Why is the actualization of Vivaldi important today? You are transforming him into a contemporary composer.
– He, actually, IS a contemporary composer. Recently we were reflecting on the concept of the album (it contains other pieces, besides Vivaldi, as well, but a lot of its content is connected with Vivaldi), and were working with the slogan “Vivaldi – Back to the Future”. This music is almost 300 years old, – and, yet, it is incredibly up-to-date. In a way, it is a lot more contemporary than the music, which is created nowadays. It is my point of view, and it is very partial, but this is the way I feel about it.
How did it happen that you chose Max Richter’s score?
– I had my eye on this piece when it was just composed, maybe in 2012 or 2013. Max Richter made several versions of it, including the one with the electronics. I think that at present it is the best version of “The Four Seasons”. There is an original version composed by Vivaldi, and there is Max Richter’s one, and “Recomposed” by Richter is by no means inferior to the original. I think that if Vivaldi could have shaken Max Richter’s hand he most certainly would have done it. In fact, there are billions of “The Four Seasons” arrangements for all sorts of combinations of instruments, but Richter’s version remains distinct, it is very popular, and it is performed a lot across the globe. And it is easy to understand, why this composition is really a brilliant one.

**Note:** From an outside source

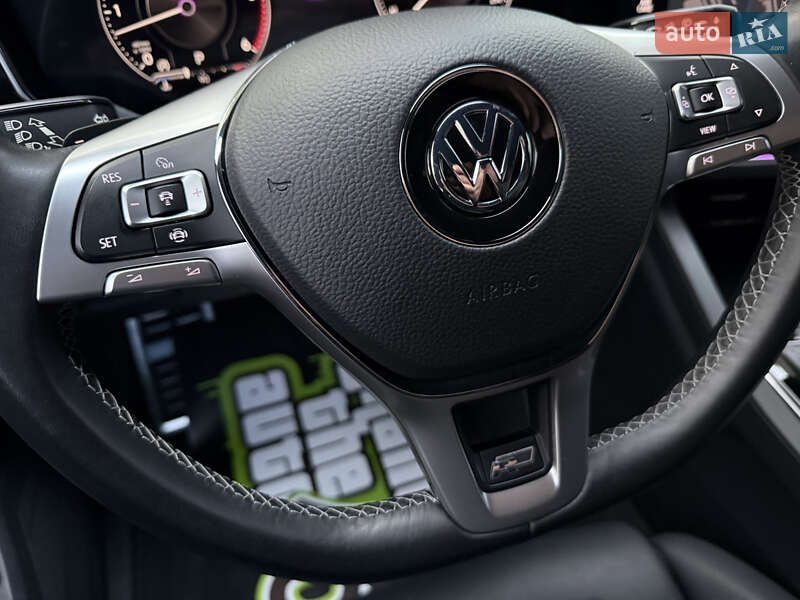 Внедорожник / Кроссовер Volkswagen Touareg 2020 в Киеве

You become totally euphoric during the performance, and the score has a lot of unexpected turns. Richter changes the original score a little bit, everything sounds similar, but in way which is slightly different compared with the one everyone is used to. Max Richter has expressed his vision of Vivaldi very accurately and with great respect to the original. Thanks to him, an unexpected facet of this composition became apparent to everyone – this is how Vivaldi might sound today. It does not mean that the original Vivaldi’s “The Four Seasons” is worse. It just so happens that both Vivaldi and Richter created masterpieces.
It is the first point.
Now, the second one: “What is the purpose of Vivaldi’s actualization today?” There are such commonly known formulas: Bach is the first jazzman, a real jazz musician, Bach’s music is a jazz improvisation, while Vivaldi is a real rock star, a rock musician, his music is many years old, but he still takes the lead.
Some of the rock musicians would probably ache to make their music have similar impact on the audience as Vivaldi does, but not all of them succeed in it.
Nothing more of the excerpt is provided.